How many notes you play or how fast you play it has nothing whatsoever to do with how 'good' music is. But the same goes for 'slow and soulful'.
The people here who keep automatically...and in my opinion, foolishly...dismissing 'shred' are overlooking a few things, and are making their own assumptions.

That little fellow could learn to play the entire Bluesbreaker album...or note-for-note Buddy Guy/George Harrison/Hubert Sumlin/Joe Pass/etc/etc licks and solos...and feel nothing whatsoever. Would our resident snobs 'ooooh' and 'ahhhhh' then? I suspect so.

Playing slow doesn't automatically make you 'soulful', just as playing fast doesn't automatically make you a good musician.
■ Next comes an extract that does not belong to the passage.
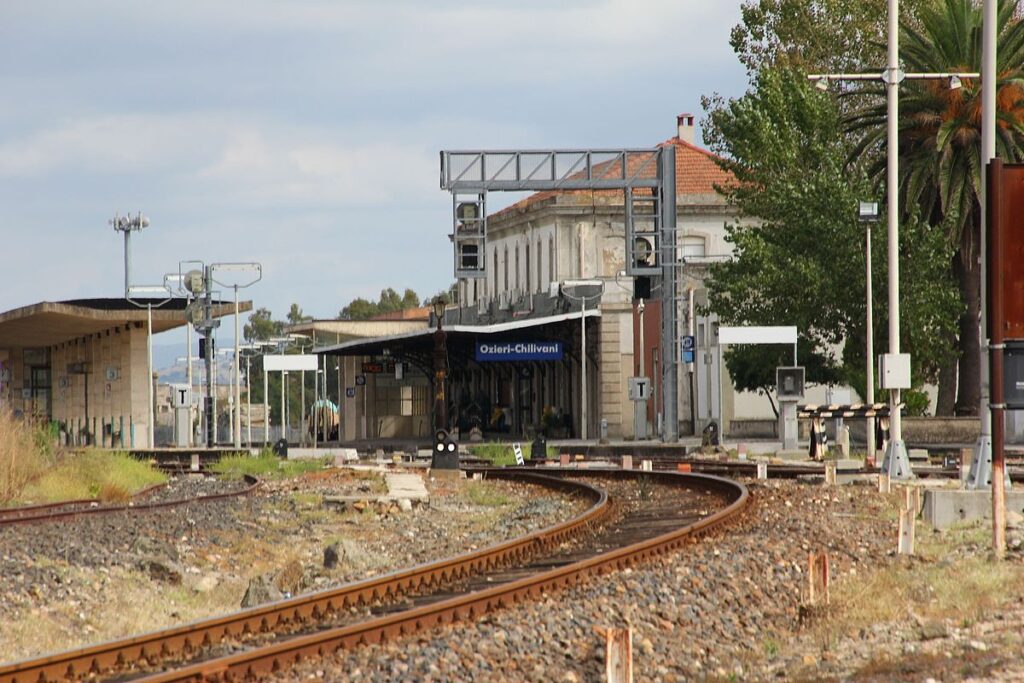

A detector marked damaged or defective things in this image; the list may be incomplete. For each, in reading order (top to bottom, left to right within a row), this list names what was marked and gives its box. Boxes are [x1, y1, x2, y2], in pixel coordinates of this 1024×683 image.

rusty railway track [0, 476, 260, 528]
rusty railway track [4, 470, 748, 683]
Go and count the notes on some Danny Gatton tracks and ask youself if you'd write the little guy off if he learned to play that way. Be honest. Is fast and technical playing acceptable if it's on a clean-toned telecaster. Why?
Do you think Mr. Gatton (and Albert Lee and Arlen Roth etc) 'feel' the music and get 'soulful' every time they mechanically performed the same high-speed licks over and over again performing their songs?

Then go and listen to some classical music and count the notes. Try Mozart.

And also consider whether a professional violinist in an orchestra (like the Berlin Philharmonic or whatever) feels and puts soul into what they play. They have to be technically proficient and....wait for it.....fast.

And consider the fact...repeat, fact...that classical musicians are playing covers. Note for note.
'Soul' and 'feeling'? You think so?

So are they musicians or not? Is someone technically gifted enough to cover Paganini or Rimsky-Korsakov a musician or just a shredder?

Go listen to the kid again and imagine he was playing those passages on a violin.
Would you consider it music then?


'Musical dead-end' my arse.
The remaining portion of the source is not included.